LONDON, June 12 (Reuters) - Shifting clearing of euro-denominated derivatives from London to the European continent would require banks to set aside far more cash to insure trades against defaults, a cost that would be passed on to companies, a global derivatives industry body says.
The European Union’s executive European Commission is due to publish a draft law on Tuesday on how the clearing of euro denominated financial instruments should be handled after Brexit. Clearing stands between two sides of a transaction to ensure its safe and smooth completion.
The London Stock Exchange’s subsidiary LCH currently clears the bulk of euro-denominated swaps, a derivative contract that helps companies guard against unexpected moves in interest rates or currencies. Britain, however, is due to leave the bloc in 2019, putting it out of the EU’s regulatory reach.
The International Swaps and Derivatives Association (ISDA), one of the world’s top derivatives industry bodies, said on Monday that a “relocation” in euro clearing to continental Europe would split liquidity in markets and reduce the ability of banks to save on margin by offsetting positions in the same liquidity pool.

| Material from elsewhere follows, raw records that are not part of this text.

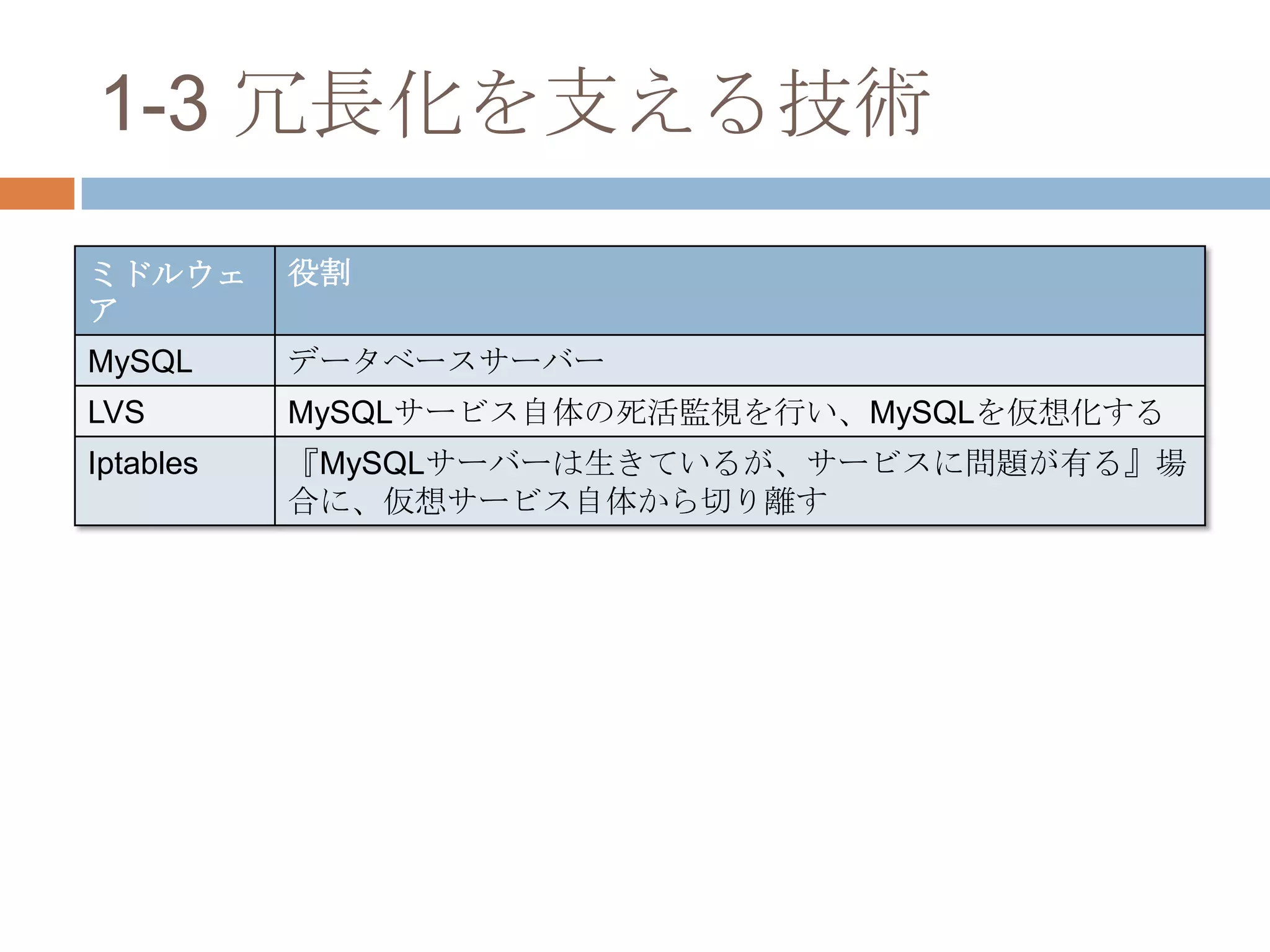 1-3 冗長化を支える技術
ミドルウェ
ア
役割
MySQL データベースサーバー
LVS MySQLサービス自体の死活監視を行い、MySQLを仮想化する
Iptables 『MySQLサーバーは生きているが、サービスに問題が有る』場
合に、仮想サービス自体から切り離す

That would lead to an increase of 15 to 20 percent in initial margin or cash that is set aside against a trade in case of a default, it said.
“Many of the detrimental consequences ... will be felt most keenly by banks’ clients,” ISDA Chief Executive Scott O‘Malia said in a letter to the European commissioner in charge of financial services, Valdis Dombrovskis.
“A relocation policy is also likely to heighten financial stability concerns.”
The focus should be on “appropriate arrangements” for oversight and cooperation in respect to UK-based clearing houses, ISDA said. The EU has said that one option is to have direct supervision of a clearing house in London.
Last week another industry body, the Futures Industry Association, said relocation would nearly double the amount of margin that would be needed, to $160 billion from $83 billion currently.
However, Frankfurt-based Eurex Clearing, which could benefit from any relocation, has indicated that extra margin costs would be far lower in practice.